The Mitsui & Co. Environment Fund

Introduction to Grant Projects

Kintaro Club (with participation from the Mitsui & Co. Hokuriku Branch)

Protecting Toyama's forests by creating an environment for the co-existence of humans and forests

Activity grant

Project Description

70% of the Toyama city area is forested, and these forests provide a source of nutrients for Toyama Bay. However, they are falling into disrepair due to the aging of the forest working population and other factors, and there are growing concerns regarding the danger of sediment discharge and a reduction of water recharging functions.
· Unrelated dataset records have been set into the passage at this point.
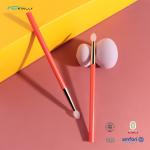 Lip Mask Plastic Makeup Brushes Silicone Eyeshadow For Applying Cream Liquid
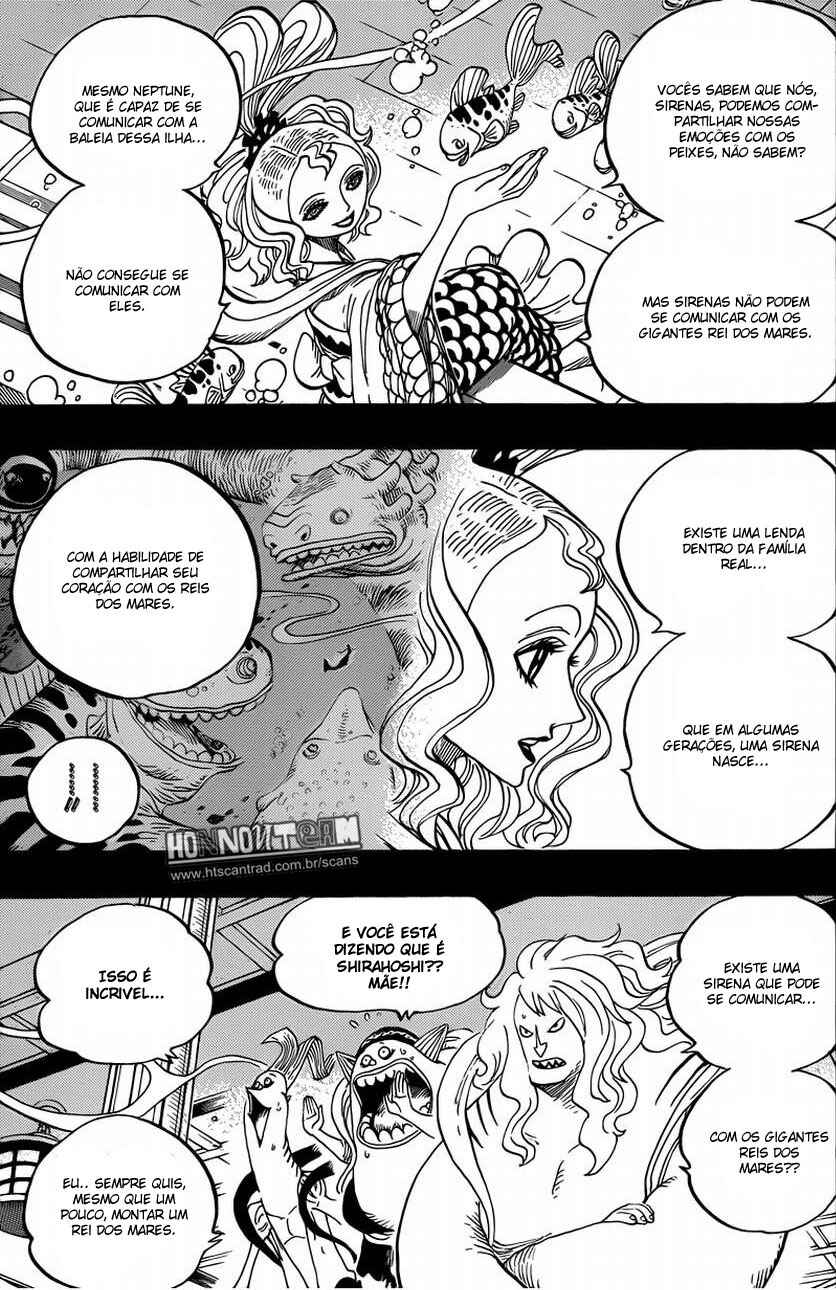 One Piece capítulo 626 página 10
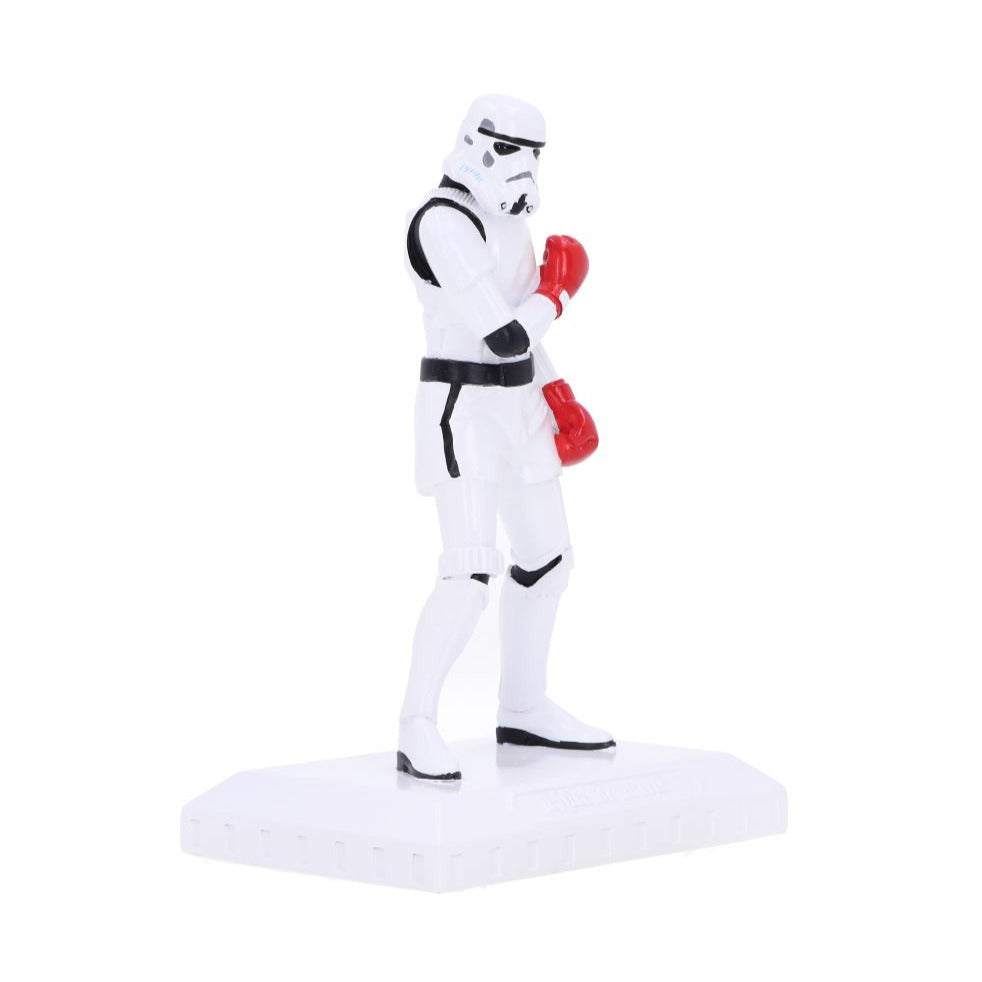 Stormtrooper The Greatest Boxer Figurine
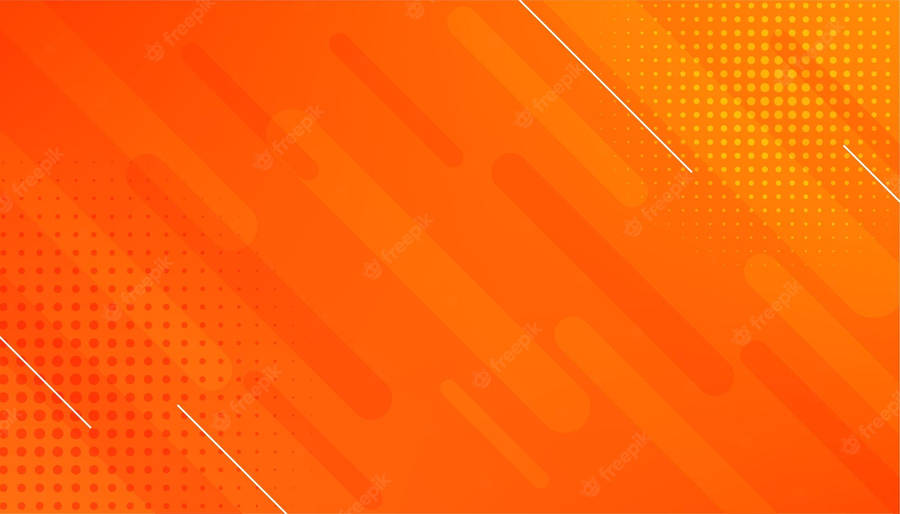 Solid Orange 2000 x 1142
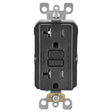 GFCI OUTLET 20A BLK
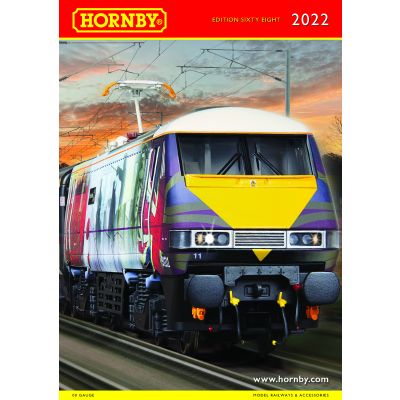 2022 Hornby Catalogue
This project will collaborate with the government to maintain woodland and bamboo groves, and build model regenerated forests where humans can co-exist easily with wild flora and fauna, based on the principle of 'a healthy environment for people and forest'. This process will also involve training woodland leaders and community building in partnership with local and regional groups. The Mitsui & Co. Hokuriku Branch will participate in the project by providing advice to the management committee, and joining activities such as forest maintenance work, forest surveying, and investigating driftwood damage. The Hokuriku Branch will also facilitate a partnership between Kanazawa University's Noto Peninsula Satoyama Satoumi Nature School, a recipient of a Mitsui & Co. Environment Fund grant in 2006, and universities and local goverment in Toyama, with the aim of implementing integrated woodland restoration activities for the Toyama Bay area, including Toyama and the Noto Peninsula.

Preservation of surface soil and forestsPreservation of biodiversity and ecosystem
Grant year
FY2007 Activity Grants
Grant term
3 years
April 2008 - March 2011
Grant amount
21,000,000 yen
Activity region
Forest areas of Toyama (Toyama city, Oyama, Yatsuo, Osawano, others), Toyama Prefecture, Japan
Maintaining broadleaf forest in Toyama together with local junior high school students

Overview of the Organization

Tokuso Saito (President of Toyama University), Chairman
Tokuso Saito (President of Toyama University), Chairman
Establishment purpose
If forests fall into ruin, so will cities. Kintaro Club aims to restore local woodland and build a sustainable circulation of people, goods, and information that will link forests to towns. It also works to cultivate healthy forests, individuals, and towns to contribute to the creation of Toyama city and forests that we can be proud to pass into to the care of future generations.
Main area of activity
Forest areas of Toyama (Toyama city, Oyama, Yatsuo, Osawano, others), Toyama Prefecture, Japan
2 full-time staff members, 1 part-time staff members, 793 full members
Annual operating budget
10.53 million yen in 2006, 8.96 million yen in 2007
Recent activities
  • (1) Advocating and advancing sustainable woodland regeneration.
  • (2) Cultivating individuals who can learn, understand, and work for the forests, and urging a greater appreciation of forests.
  • (3) Researching ways of using forest resources and supporting their implementation.
  • (4) Providing information that helps connect people with forests through a website and the publication of newsletters and periodicals.
  • (5) Buiding a network of people and government agencies working to restore woodland and supporting community building.